Work done to prevent or anticipate defects, damage or deterioration (in a mechanical or physical sense) in property is not in itself a 'repair' unless it is done in conjunction with remedying or making good defects in, damage to, or deterioration of, the property (paragraph 14 of TR 97/23).

Repair for the most part is occasional and partial. It involves restoration of the efficiency of function of the property being repaired without changing its character and may include restoration to its former appearance, form, state or condition. A repair merely replaces a part of something or corrects something that is already there and has become worn out or dilapidated. Works can fairly be described as 'repairs' if they are done to make good damage or deterioration that has occurred by ordinary wear and tear, by accidental or deliberate damage or by the operation of natural causes (whether expected or unexpected) during the passage of time (paragraph 15 of TR 97/23).

Expenditure incurred on an initial repair after a property is acquired, if the expenditure is incurred in remedying defects, damage or deterioration in existence at that date of acquisition, is capital expenditure and is not, therefore, deductible under section 25-10. This is so whether the property is purchased or obtained under lease or licence by the taxpayer. The cost of effecting an initial repair is still not deductible even if some income happens to be earned after acquisition but before the repair expenditure is incurred; but see paragraphs 63 to 66 of this Ruling in relation to dissecting or apportioning initial repair costs (paragraph 59 of TR 97/23).

In appropriate circumstances, expenditure for repairs can qualify as a deduction even though the property has previously been held, etc., by the taxpayer for non-income purposes. This situation is different from an initial repair done to newly leased property, where the repair expenditure is capital in nature (paragraph 76 of TR 97/23).

A deduction is allowable under section 25-10 if, when the repair expenditure is incurred in a year of income, the property is held, etc., by a taxpayer for income purposes:

a)    even though the property has previously been held, etc., by the taxpayer for non-income purposes; and

b)    even though some or all of the defects, damage or deterioration arise from, or are attributable to, the taxpayer's holding, etc., of the property before its holding, etc., for income purposes; and

c)    provided that the repair expenditure is not capital expenditure.

If property is held, etc., in a year of income partly for income purposes and partly for non-income purposes, repair expenditure is only deductible to the extent that is reasonable in the circumstances of the case.
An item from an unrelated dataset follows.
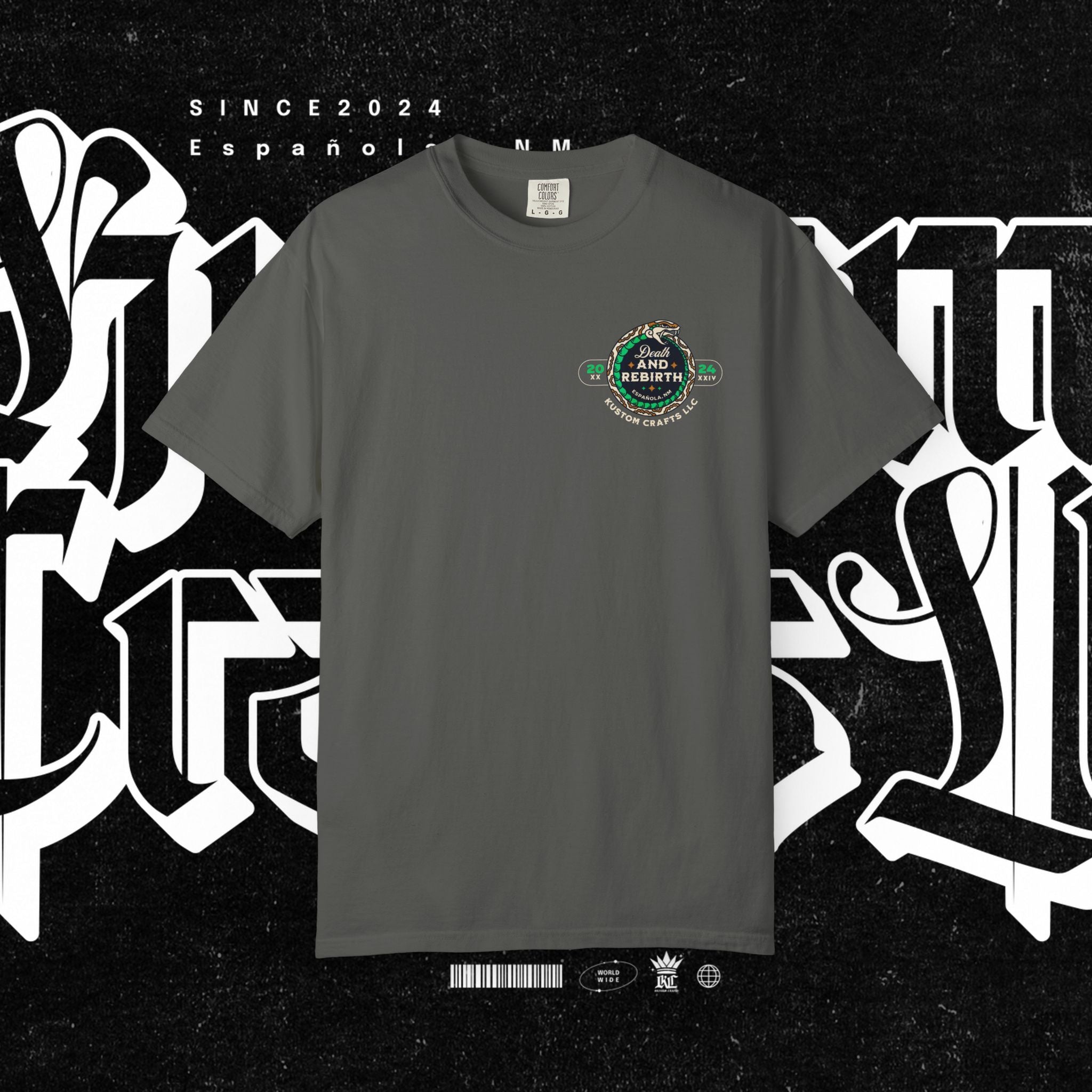 Death and Rebirth Snake Graphic Tee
The reasonableness test is an objective one and each case must be decided on its own merits. However, we would expect that the amount of expenditure allowable as a deduction under subsection 25-10(2) (or the old law, when read with subsection 53(3)) would ordinarily be calculated by reference to the extent to which the property was held, etc., in the year of income for income purposes (paragraph 79 of TR 97/23).
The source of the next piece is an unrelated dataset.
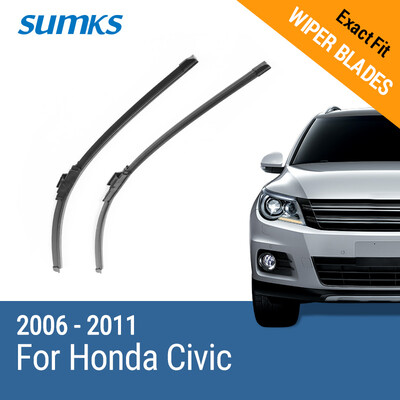 SUMKS Wiper Blades for Honda Civic 26"&23" Fit Hook Arms 2006 2007 2008 2009 2010 2011
SUMKS Wiper Blades for Honda Civic 26"&23" Fit Hook Arms 2006 2007 2008 2009 2010 2011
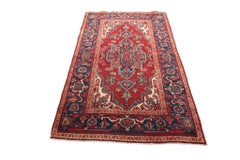 Antique Rug Heriz Serapi Rug 107cm x 160cm Oriental Rug 4x5 High Quality 1920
In your case, expenditure associated with the work done to remediate water penetration damage caused by water ingress constitute repairs or maintenance as the work does not change the character of the property and did not improve the efficiency of function of the property. The work done is necessary to fix damage caused by water penetration.

Based on various reports, we are satisfied the damage leading to the need for repairs did not exist at the time you acquired the property. Therefore the cost for the repairs is not considered to be on an initial repair.

You incurred the repair expenditure in a year of income on property held in earlier years for non-income purposes. The repair expenditure qualifies for a deduction under section 25-10 of the ITAA 1997 as the property is held for income purposes when the repair expenditure was incurred. However, as you used the property only partly for income-producing purposes during the income year in which the expenditure was incurred, you are entitled to a deduction for so much of the expenditure as is reasonable in the circumstances.

A simple example of the necessary calculation for apportionment of expenses where property is rented for part of the year is shown at Example 9 on page 9 of our Rental properties 2022 guide.